Ergonomique et efficace en ville
Une pression sur le démarreur et le petit moteur 4 temps - refroidi par air forcé et alimenté par carburateur - s’ébroue... en l’aidant un peu avec l’accélérateur. Le ralenti se stabilise finalement et l’Aztral chauffe doucement alors qu’une pluie glaçée tombe sur la capitale. Des conditions quasi-hivernales qui n’épargneront pas notre GT. Mais pour l’heure, prendre place à son bord est facile même pour les plus petits grâce à la selle basse et au poids de l’ensemble contenu à 125 kilos. Autre bonne surprise, l’espace "habitable" se montre largement suffisant pour permettre aux grands gabarits de trouver une position de conduite naturelle. Les pieds posés sur un habillage de plancher en fine plaque d’aluminium, je tourne la poignée. L’Aztral s’élance alors avec vigueur compte-tenu de la faible puissance annoncée. Jusqu’à 40 km/h, il fait même jeu égal avec nombre de ses concurrents japonais et européens. Ensuite, ceux-là prennent le large alors qu’une accélération linéaire vous permet d’atteindre facilement un bon 80 km/h, soit de quoi vous permettre d’évoluer en sécurité sur les voies péri-urbaines. Pour affronter les grands espaces, il faut cette fois s’armer de patience. Bien lancé, le compteur optimiste finit par indiquer presque 115 km/h mais vous évoluez alors réellement à peine plus vite que les poids-lourds. A cette vitesse, la protection de la bulle vous permet de circuler dans un confort très correcte alors que la stabilité de l’engin achève de vous rassurer grâce à son empattement long. Revers de la médaille, l’Aztral se révèle moins à son aise dans les petits coins. Et de leur côté, les suspensions retransmettent sèchement les irrégularités du bitume mais évitent au scooter de trop basculer sur l’avant au moindre freinage. Sur ce dernier point, l’équipement de ce scooter Jonway se montre supérieur à ce que l’on trouve en général à ce niveau de prix : efficace et dosable, il met à mal l’adhérence des curieux pneus à crampons. Reprenant le dessin de certaines gommes mixtes type trail avec leurs gros pavés de caoutchouc, les curieuses "chaussettes" testées ici sont sans doute plus à l’aise sur les routes asiatiques les plus chaotiques que sur le plat bitume européen, surtout par temps de pluie.

Doit faire ses preuves
Et la pluie, l’Aztral ne l’apprécie guère. A commencer par sa visserie dont le traitement chromé cède rapidement la place à la rouille là où l’eau stagne. Notre GT gagne donc à stationner dans un espace couvert plutôt que sur les trottoirs. Et les choses s’enveniment lorsque l’humidité se fraye un chemin entre les plastiques mal ajustés. Elle y trouve alors un faisceau électrique peu étanche et une alimentation sur-exploitée par les divers équipements électroniques. Sur notre modèle d’essai, après qu’un fusible ait rendu l’âme, les feux et le moteur sont restés en marche, malgré le contacteur sur off et la clé retirée du barillet ! En attendant de solutionner le problème chez votre concessionnaire (ou directement en usine ?), mieux vaut donc utiliser systématiquement le coupe-contact pour ne pas vider la batterie par inadvertance. Et quand bien même, la présence du kick vous permet alors de repartir si vous parvenez à éteindre l’alarme.

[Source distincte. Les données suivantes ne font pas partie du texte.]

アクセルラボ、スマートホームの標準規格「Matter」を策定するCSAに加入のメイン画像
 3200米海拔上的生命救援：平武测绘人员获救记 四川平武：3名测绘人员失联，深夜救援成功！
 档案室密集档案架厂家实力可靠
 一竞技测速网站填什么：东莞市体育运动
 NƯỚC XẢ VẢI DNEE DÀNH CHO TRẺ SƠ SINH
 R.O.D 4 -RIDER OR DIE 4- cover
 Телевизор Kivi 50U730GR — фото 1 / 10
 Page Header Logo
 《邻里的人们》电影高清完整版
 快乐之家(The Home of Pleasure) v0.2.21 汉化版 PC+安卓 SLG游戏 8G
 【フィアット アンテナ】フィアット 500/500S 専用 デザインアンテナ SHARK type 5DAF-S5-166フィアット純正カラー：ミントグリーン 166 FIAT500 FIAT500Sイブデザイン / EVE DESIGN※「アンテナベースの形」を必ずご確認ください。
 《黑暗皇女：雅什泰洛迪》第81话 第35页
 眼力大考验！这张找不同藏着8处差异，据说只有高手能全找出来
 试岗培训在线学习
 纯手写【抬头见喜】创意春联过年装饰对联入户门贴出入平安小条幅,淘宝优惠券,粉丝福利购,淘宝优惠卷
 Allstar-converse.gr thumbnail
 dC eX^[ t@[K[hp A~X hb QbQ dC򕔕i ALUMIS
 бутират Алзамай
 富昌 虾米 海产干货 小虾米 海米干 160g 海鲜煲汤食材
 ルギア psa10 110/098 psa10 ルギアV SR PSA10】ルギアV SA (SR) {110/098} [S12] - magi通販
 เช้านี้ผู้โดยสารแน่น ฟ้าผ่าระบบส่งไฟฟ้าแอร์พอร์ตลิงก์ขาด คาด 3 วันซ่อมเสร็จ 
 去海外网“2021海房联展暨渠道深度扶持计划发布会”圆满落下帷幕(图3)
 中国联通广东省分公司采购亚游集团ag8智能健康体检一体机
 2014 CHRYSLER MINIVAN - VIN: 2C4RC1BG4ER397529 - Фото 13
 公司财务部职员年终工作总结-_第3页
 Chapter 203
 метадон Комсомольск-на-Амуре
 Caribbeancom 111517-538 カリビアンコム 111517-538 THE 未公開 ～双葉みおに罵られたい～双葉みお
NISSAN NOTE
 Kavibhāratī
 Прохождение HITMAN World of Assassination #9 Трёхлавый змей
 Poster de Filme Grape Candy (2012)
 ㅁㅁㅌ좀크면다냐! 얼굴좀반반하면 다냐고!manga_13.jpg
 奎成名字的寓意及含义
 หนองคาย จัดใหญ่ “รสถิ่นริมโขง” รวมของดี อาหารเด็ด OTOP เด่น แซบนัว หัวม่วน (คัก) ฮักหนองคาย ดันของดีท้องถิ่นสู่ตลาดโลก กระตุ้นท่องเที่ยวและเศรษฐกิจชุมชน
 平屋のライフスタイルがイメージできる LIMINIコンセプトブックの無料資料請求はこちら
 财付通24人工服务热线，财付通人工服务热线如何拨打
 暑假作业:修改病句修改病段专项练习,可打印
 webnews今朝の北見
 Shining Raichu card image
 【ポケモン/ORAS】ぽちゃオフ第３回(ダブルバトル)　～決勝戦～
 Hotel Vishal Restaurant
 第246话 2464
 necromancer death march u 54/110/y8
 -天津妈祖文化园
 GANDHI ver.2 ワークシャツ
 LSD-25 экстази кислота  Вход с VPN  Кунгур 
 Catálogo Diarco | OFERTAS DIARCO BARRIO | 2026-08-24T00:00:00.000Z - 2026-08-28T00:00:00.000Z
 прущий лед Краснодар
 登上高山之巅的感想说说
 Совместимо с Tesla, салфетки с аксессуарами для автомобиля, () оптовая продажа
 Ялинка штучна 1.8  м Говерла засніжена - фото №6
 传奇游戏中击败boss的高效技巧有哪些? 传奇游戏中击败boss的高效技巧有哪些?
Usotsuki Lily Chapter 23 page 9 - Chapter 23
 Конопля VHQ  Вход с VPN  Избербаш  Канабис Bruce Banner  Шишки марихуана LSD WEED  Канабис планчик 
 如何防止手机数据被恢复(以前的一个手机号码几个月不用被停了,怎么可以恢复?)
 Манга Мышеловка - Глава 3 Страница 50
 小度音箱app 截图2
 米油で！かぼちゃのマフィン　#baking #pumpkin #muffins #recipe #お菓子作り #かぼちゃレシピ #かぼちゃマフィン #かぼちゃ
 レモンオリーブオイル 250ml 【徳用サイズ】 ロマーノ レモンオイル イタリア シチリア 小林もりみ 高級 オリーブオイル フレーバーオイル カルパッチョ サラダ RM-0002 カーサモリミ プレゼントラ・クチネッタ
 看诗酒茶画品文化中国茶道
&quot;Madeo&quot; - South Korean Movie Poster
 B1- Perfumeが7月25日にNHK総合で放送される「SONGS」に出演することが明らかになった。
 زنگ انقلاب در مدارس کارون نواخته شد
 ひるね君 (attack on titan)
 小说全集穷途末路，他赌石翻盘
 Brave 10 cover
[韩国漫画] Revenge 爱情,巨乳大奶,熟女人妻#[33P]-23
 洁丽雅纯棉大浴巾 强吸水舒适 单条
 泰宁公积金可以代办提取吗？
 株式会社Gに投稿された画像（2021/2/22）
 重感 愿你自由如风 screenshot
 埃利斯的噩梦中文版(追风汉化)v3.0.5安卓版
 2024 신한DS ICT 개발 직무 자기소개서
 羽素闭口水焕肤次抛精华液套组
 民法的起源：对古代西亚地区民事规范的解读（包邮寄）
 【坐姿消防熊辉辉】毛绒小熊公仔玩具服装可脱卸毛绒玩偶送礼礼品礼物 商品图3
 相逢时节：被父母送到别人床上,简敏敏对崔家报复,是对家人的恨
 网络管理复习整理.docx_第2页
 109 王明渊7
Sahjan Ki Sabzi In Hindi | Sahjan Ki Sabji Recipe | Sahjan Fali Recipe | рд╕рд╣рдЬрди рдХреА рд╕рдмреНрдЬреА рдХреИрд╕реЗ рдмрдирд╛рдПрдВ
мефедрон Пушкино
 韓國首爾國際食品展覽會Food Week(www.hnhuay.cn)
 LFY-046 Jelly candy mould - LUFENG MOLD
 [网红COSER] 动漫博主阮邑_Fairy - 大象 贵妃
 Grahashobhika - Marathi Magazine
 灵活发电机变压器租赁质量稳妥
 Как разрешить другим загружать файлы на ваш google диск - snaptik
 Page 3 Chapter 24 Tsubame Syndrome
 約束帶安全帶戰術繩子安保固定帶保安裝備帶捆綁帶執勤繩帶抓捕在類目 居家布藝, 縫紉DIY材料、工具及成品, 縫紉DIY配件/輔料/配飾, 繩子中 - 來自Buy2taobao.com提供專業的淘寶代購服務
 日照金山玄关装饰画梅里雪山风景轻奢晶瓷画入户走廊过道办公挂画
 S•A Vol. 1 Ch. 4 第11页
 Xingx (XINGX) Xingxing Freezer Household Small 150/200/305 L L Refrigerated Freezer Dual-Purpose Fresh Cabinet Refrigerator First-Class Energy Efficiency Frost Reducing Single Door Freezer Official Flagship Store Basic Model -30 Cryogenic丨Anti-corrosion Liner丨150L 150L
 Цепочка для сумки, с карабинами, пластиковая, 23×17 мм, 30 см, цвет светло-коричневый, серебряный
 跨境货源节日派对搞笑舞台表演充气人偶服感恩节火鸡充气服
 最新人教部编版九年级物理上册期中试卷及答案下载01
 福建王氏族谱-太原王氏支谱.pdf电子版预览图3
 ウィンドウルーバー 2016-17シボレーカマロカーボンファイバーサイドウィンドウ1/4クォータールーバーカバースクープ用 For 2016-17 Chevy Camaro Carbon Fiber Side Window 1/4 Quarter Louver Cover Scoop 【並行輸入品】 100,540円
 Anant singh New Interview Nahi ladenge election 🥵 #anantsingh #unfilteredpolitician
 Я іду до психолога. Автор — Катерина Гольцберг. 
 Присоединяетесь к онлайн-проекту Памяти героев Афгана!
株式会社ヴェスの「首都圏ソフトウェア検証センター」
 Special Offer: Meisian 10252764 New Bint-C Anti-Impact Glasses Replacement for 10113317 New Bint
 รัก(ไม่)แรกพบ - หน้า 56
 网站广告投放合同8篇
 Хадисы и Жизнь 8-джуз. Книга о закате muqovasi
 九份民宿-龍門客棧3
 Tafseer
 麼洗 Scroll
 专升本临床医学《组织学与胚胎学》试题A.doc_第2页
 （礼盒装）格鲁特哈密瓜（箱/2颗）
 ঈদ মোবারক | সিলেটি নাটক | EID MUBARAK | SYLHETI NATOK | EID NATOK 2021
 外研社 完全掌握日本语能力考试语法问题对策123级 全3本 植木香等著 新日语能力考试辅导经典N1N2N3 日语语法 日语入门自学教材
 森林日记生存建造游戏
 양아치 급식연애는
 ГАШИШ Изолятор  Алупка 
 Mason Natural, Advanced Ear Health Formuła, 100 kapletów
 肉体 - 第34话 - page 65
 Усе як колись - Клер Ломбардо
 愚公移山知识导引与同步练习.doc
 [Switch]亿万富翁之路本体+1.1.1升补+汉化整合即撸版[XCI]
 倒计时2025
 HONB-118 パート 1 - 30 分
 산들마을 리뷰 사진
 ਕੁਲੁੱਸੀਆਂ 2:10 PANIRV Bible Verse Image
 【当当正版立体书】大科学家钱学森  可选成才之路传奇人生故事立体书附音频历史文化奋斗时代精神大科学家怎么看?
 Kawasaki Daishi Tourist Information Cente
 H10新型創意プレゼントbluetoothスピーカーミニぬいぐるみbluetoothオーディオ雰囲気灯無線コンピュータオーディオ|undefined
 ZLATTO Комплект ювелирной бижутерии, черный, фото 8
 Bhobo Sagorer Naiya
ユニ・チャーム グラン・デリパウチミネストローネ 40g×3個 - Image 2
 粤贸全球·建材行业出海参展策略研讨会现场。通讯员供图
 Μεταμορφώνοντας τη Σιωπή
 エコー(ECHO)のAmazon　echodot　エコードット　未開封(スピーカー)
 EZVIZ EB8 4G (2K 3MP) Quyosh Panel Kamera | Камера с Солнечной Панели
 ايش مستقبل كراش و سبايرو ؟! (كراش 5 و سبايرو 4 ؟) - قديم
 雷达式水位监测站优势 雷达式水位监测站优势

Défauts de jeunesse ou spécifiques à notre scooter d’essai ? Difficile de statuer définitivement sur ces points, même si globalement l’Aztral en offre finalement pour son argent, avec des performances et une finition "intermédiaires", qui ne lui permettent pas de rivaliser avec les références japonaises ou italiennes mais de rendre plus simplement service au quotidien. Reste maintenant à en savoir plus sur sa fiabilité dans le temps et la qualité du SAV, via vos retours d’expérience sur le maxitest scooter-station. Pour ce faire, attendez encore d’avoir engrangé des kilomètres à son bord.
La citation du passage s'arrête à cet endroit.